We evaluate the boolean (`True` or `False`); if `True`, execute all statements in the suite

- example boolean operators: `<`, `>`, `<=`, `==`, `!=`


In [34]:
# review on boolean logic:
read_gene_1 = 56
threshold = 5

read_gene_1 > threshold 

True

In [35]:
# use if statement to output a statement if read is above a threshold.

read_gene_1 = 56
threshold = 5



Gene_1 will be included in the analysis.


#### __Python Selection with multiple rounds: `if/else`__

> __Python format:__

``` python
#---------------------------------

if boolean expression: # evaluate the boolean, if True, run suite1
    code body 1
else:
    code body 2 # if False, run suite2

#---------------------------------

```


In [None]:
# use if/else statement to output statement for inclusion of a gene.

read_gene_1 = 56
read_gene_2 = 3

threshold = 5

if read_gene_2 > threshold:
    print('Gene_2 will be included in the analysis.')
else:
    print('We disregard gene_2 in the analysis.')
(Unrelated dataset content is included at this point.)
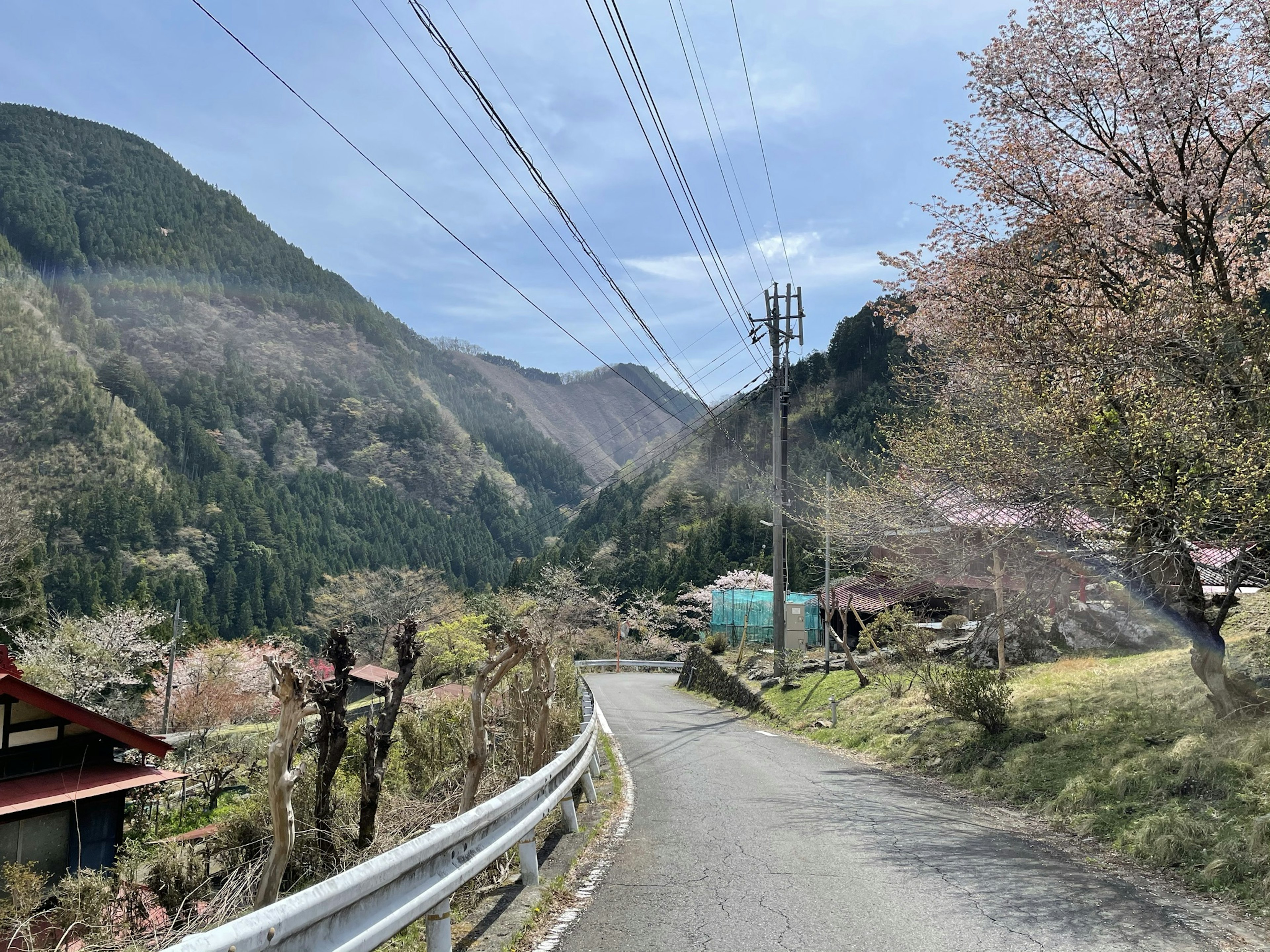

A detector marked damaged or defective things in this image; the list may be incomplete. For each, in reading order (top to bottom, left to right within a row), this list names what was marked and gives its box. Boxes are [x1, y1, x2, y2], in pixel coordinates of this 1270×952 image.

cracked asphalt [564, 675, 1239, 949]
#### __Python Selection with multiple rounds: `if/elif/else`__

> __Python format:__

``` python
#---------------------------------

if boolean expression A: # evaluate the boolean, if True, run suite1
    code body 1
elif boolean expression B:
    code body 2 # if true, run suite2
else:
    code body 3 # if both A and B are false, run suite2

#---------------------------------

```


In [None]:
# use if/elif/else statement:

read_gene_1 = 56
read_gene_2 = 3
read_gene_3 = 300

threshold = 5
high_exp = 100

if read_gene_3 > high_exp:
    print('Gene_3 is considered as highly expressed.')

elif read_gene_3 > threshold:
    print('Gene_3 will be included in the analysis.')
    
else:
    print('We disregard gene_3 in the analysis.')

-----

### Repetition (loop)

#### __`while` and `for` Statements__

__while statement__:

– repeats a set of statements while some condition is `True`

– more general repetition construct

__for statement__:

– useful for iteration, moving through all the elements of data structure, one at a time

<br/>


> __Python format:__

``` python
#---------------------------------

flag = True # define a variable tracker

while flag:

    code body

# exit when flag is no longer true

#---------------------------------

```

- while loop will repeat the statements in the suite while the boolean is `True` (or its Python equivalent)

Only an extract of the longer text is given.